En première lecture, nous avions consacré la préservation de l'environnement et, en son sein, la protection de la diversité biologique et la lutte contre le dérèglement climatique, comme un principe constitutionnel plein et entier. Nous entendons aller encore plus loin que les textes et la jurisprudence actuels en faisant de la préservation de l'environnement non plus seulement un objectif à valeur constitutionnelle, mais bel et bien un principe à valeur constitutionnelle. En effet, un objectif à valeur constitutionnelle ne comporte qu'une obligation de moyens et nécessite, pour être atteint, l'intervention du législateur, là où la règle constitutionnelle a un caractère impératif. Cette élévation normative permettra de mieux concilier la protection de l'environnement avec d'autres principes constitutionnels. Il est donc nécessaire que l'enjeu environnemental figure au premier rang de notre texte fondamental, au cœur des autres principes constitutionnellement garantis, placés au sommet de l'ordre juridique français.

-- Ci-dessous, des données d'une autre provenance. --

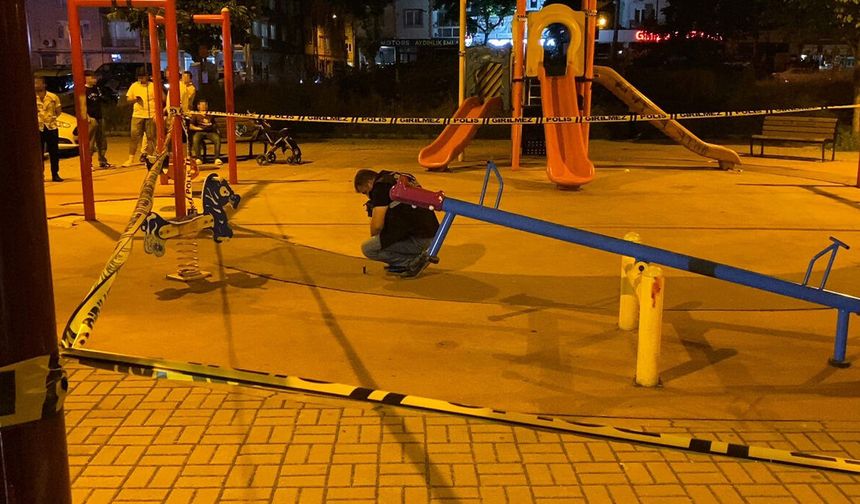 Bursa'da dehşet anları!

Comme l'a rappelé à l'instant M. le rapporteur, afin que la préoccupation environnementale innerve chaque politique publique, nous souhaitons maintenir le verbe « garantir », qui fait la force juridique du texte. Les conséquences de l'emploi de ce verbe ne sont pas neutres, et telle est notre volonté. Tout d'abord, il introduit un principe d'action positive pour les pouvoirs publics locaux et nationaux, en instituant un droit constitutionnel à l'environnement. Ensuite, il leur impose une quasi-obligation de résultat pour la préservation de l'environnement, laquelle s'inscrit dans la dynamique jurisprudentielle contemporaine, ainsi qu'une quasi-obligation de moyens, pour les inciter à lutter contre le dérèglement climatique de manière efficace. En créant cette garantie à la charge des pouvoirs publics, nous complétons utilement l'article 2 de la Charte de l'environnement, qui dispose que « toute personne a le devoir de prendre part à la préservation et à l'amélioration de l'environnement ».

Vous l'aurez compris, le maintien du verbe « garantir » dans cet article est essentiel, car notre objectif est de disposer d'un texte ambitieux, à la hauteur des défis écologique et démocratique du XXIe siècle. En adoptant ce texte, nous ferons de la France le premier État européen, et l'un des premiers pays au monde, à inscrire la lutte contre le dérèglement climatique dans sa loi fondamentale, ce qui démontrera notre volonté de poursuivre notre action, notamment internationale, contre le changement climatique. Il s'agit d'une avancée fondamentale et déterminante.

En première lecture, nous avions défendu le texte voulu par la Convention citoyenne pour le climat ; en commission des lois, lors de l'examen du texte en deuxième lecture, nous avons fait le choix de réaffirmer cette ambition, mais aussi de tenir compte de la volonté du Sénat afin d'avancer vers le référendum, en substituant au verbe « lutter » le verbe « agir ». Le Conseil d'État l'avait d'ailleurs recommandé, dans un avis rendu le 14 janvier 2021.

Depuis 2017, notre activité législative a démontré que la question environnementale était une priorité du Président de la République et de la majorité. Nous avons accéléré la transition écologique avec l'adoption de mesures concrètes et pragmatiques, comme l'engagement vers une sortie des énergies fossiles pour atteindre la neutralité carbone, l'inscription dans la loi de la diminution de 40 % des émissions de gaz à effet de serre d'ici à dix ans, la fermeture des centrales à charbon d'ici à 2022, la création d'un Haut Conseil pour le climat ou encore la création de l'Office français de la biodiversité.

Aujourd'hui, nous avons la possibilité et la responsabilité collective de réaliser cette ambition – en accélérant la lutte contre le dérèglement climatique, en renforçant la protection de la diversité biologique et en matérialisant l'engagement de la France à se mobiliser pour l'environnement –, mais aussi de faire vivre notre démocratie. Pour toutes ces raisons, je vous invite à voter pour ce texte ambitieux et fondamental.